Walikota Pangkalpinang pimpin upacara peringatan Hardiknas 2026, Senin (4/5/2026)
Pangkalpinang, persindonesia.com —
Wali Kota Pangkalpinang, Saparudin, memimpin upacara peringatan Hari Pendidikan Nasional (Hardiknas) 2026 yang digelar di halaman Kantor Wali Kota Pangkalpinang, Senin (4/5/2026).
Dalam momentum ini, pemerintah daerah menegaskan komitmennya untuk meningkatkan kualitas pendidikan melalui penguatan sumber daya manusia dan pembangunan infrastruktur.
Upacara diikuti oleh Sekretaris Daerah, pejabat eselon II, kepala bagian Setdako, serta guru dan sejumlah pelajar di lingkungan Pemerintah Kota Pangkalpinang.

Dalam rangkaian kegiatan tersebut, Pemkot Pangkalpinang menyerahkan penghargaan kepada para guru sebagai bentuk apresiasi atas dedikasi mereka. Selain itu, santunan juga diberikan kepada anggota KORPRI yang sedang sakit sebagai wujud kepedulian dan solidaritas.

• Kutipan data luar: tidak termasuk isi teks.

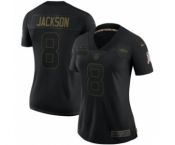 Women's Baltimore Ravens #8 Lamar Jackson 2020 Salute To Service Limited Football Jersey Black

Pada kesempatan tersebut, Wali Kota juga membacakan sambutan Menteri Pendidikan Dasar dan Menengah yang menekankan pentingnya kolaborasi dalam meningkatkan kualitas pendidikan nasional.

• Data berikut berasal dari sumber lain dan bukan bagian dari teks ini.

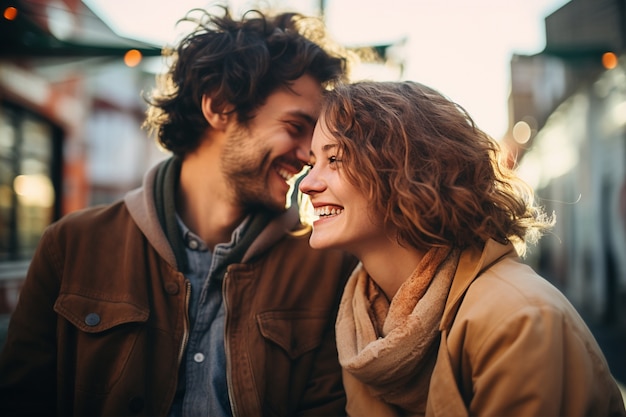 Pareja de plano medio siendo romántica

Usai upacara, Saparudin menyampaikan bahwa pemerintah daerah mendukung penuh program Presiden RI, Prabowo Subianto, melalui Kementerian Pendidikan dalam upaya meningkatkan mutu pendidikan.
“Program pemerintah pusat fokus pada peningkatan kualitas guru, perbaikan fasilitas pendidikan, serta penguatan karakter siswa. Ini menjadi perhatian serius yang kami tindak lanjuti di daerah,” ujarnya.

Ia menambahkan, Pemkot Pangkalpinang terus berupaya meningkatkan kualitas pendidikan, baik dari sisi infrastruktur maupun sumber daya manusia. Tahun ini, pemerintah akan menambah satu sekolah baru, yakni SMP Negeri 11.
Selain itu, usulan pembangunan SMK Negeri 5 tengah dikoordinasikan dengan Pemerintah Provinsi, sementara pembangunan SMP Negeri 12 direncanakan pada tahun mendatang.
Untuk mendukung kebutuhan tenaga pendidik, pemerintah kota juga berencana membuka rekrutmen guru melalui jalur CPNS.
Melalui peringatan Hardiknas 2026, Pemkot Pangkalpinang menegaskan komitmennya dalam mendorong peningkatan kualitas pendidikan, sebagai bagian dari pembangunan sumber daya manusia yang unggul. (B2N)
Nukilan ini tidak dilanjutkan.